Terminata la sezione prosa, l’Estate Teatrale Veronese prosegue con la danza e dal 25 al 30 luglio e dall’1 al 6 agosto ospita i Momix, con la riproposta di uno dei loro capolavori: “Opus Cactus”, quindici anni dopo la “prima” europea che ebbe luogo proprio al Teatro Romano. Era il 2 agosto 2001 e i Momix tornavano in quel suggestivo scenario per la quarta volta in otto anni, attesissimi e corteggiatissimi dalla stampa. “Sette”, il settimanale del Corsera, titolava su due pagine “Noi balliamo con i cactus”, la “prima” si trasformò in un grande evento anche per la critica e per la stessa Verona, meritevole di avere (fuori dagli States) tenuto a battesimo questo spettacolo che a Roma e a Milano fu possibile vedere solo mesi dopo. “Opus Cactus”, andato in scena trionfalmente al Joyce Theater di New York nel febbraio 2001, giungeva al Teatro Romano dopo “Passion” (1994), “Baseball” (1995) e “Happy birthday!” (2000).
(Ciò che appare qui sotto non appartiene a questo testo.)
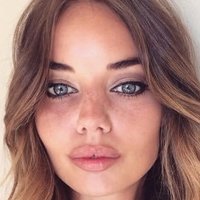 Annie Ericson Desnuda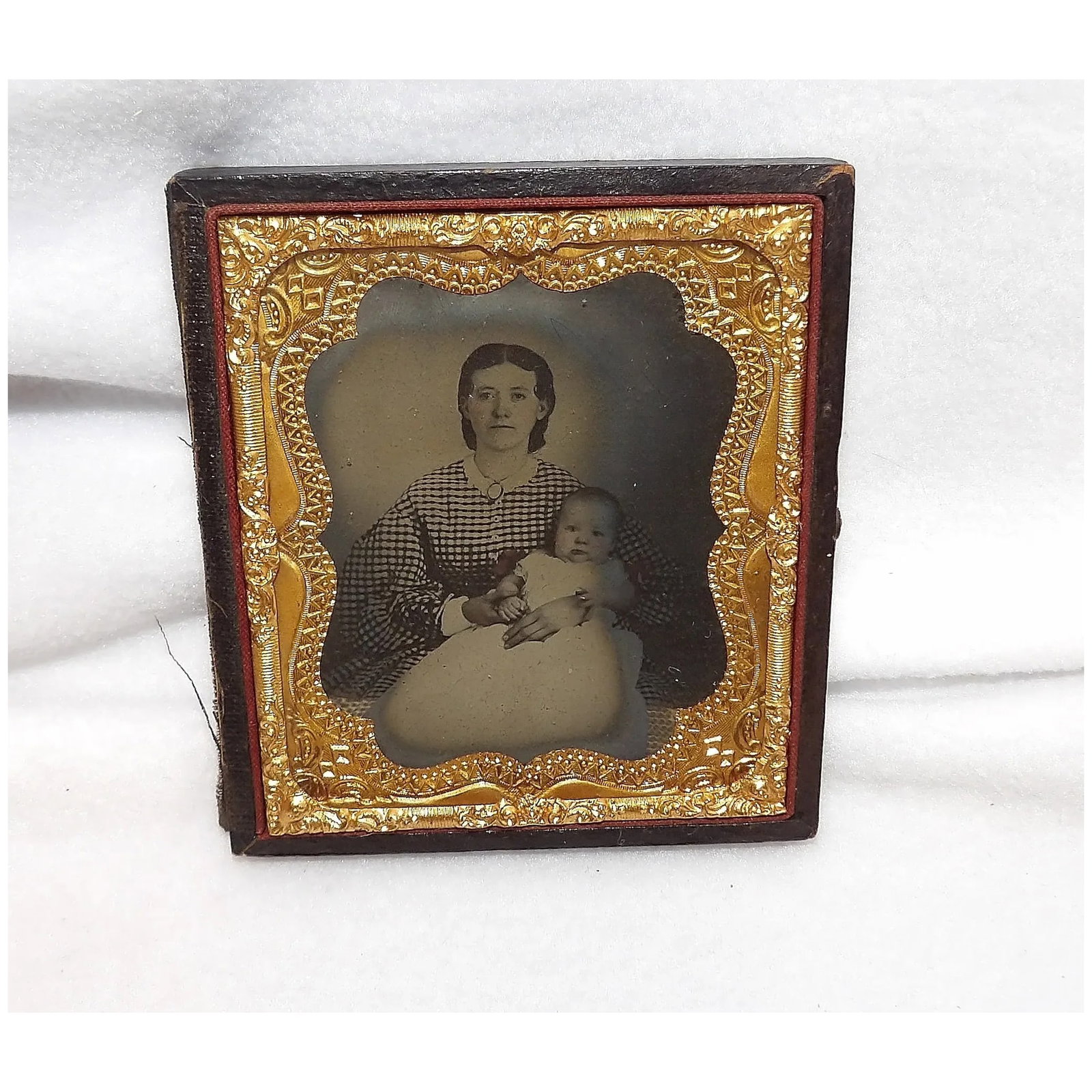 Antique Ambrotype Photo with Gold Gilt Metal and Hand Tooled Leather Frame - 2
«“Opus Cactus” – riferiva entusiasta la stampa americana – mette in scena poeticamente il deserto del Sudovest degli Stati Uniti, quello che dall’Arizona sconfina in California. In origine si trattava di una corta pièce commissionata a Pendleton dall’Arizona Ballet, compagnia di cui Moses era stato più volte coreografo ospite. Poi, aggiunta dopo aggiunta, la pièce è assurta a vero e proprio balletto. Grazie ai costumi di Phoebe Katzin i ballerini sono di volta in volta lucertole, scorpioni, serpenti del deserto, nonché variopinte specie di flora e fauna. Sul palco, gli effetti luce creati da Joshua Starbuck mostrano un deserto ora nell’accecante luce del giorno e ora nel blu notte degli stellati con la luna, in un susseguirsi di poetiche albe e tramonti rosso fuoco. I dieci ginnasti-ballerini, cinque uomini e cinque donne sembrano sfidare – come sempre nei balletti di Pendleton – le leggi della gravità: volano, saltano, rimbalzano, si librano su alti pali, roteano intorno a una struttura metallica che sembra disarticolarsi per poi ricomporsi, attraversano la scena come fulmini su minuscoli skateboard, compiono un rituale iniziatico per mezzo del fuoco, e altro ancora, sempre ai limiti della fisicita. L’accompagnamento musicale spazia da Bach a Brian Eno (The Drop), dai Dead can Dance (The Serpent’s Egg) a Peter Buffet (Spirit Dance), da danze tribali degli indiani d’America a brani di altre culture “desertiche” come quella degli aborigeni australiani».
Furono nove serate sold out, caratteristica che, peraltro, accompagna invariabilmente le performances dei Momix, dunque caccia al biglietto e buona serata!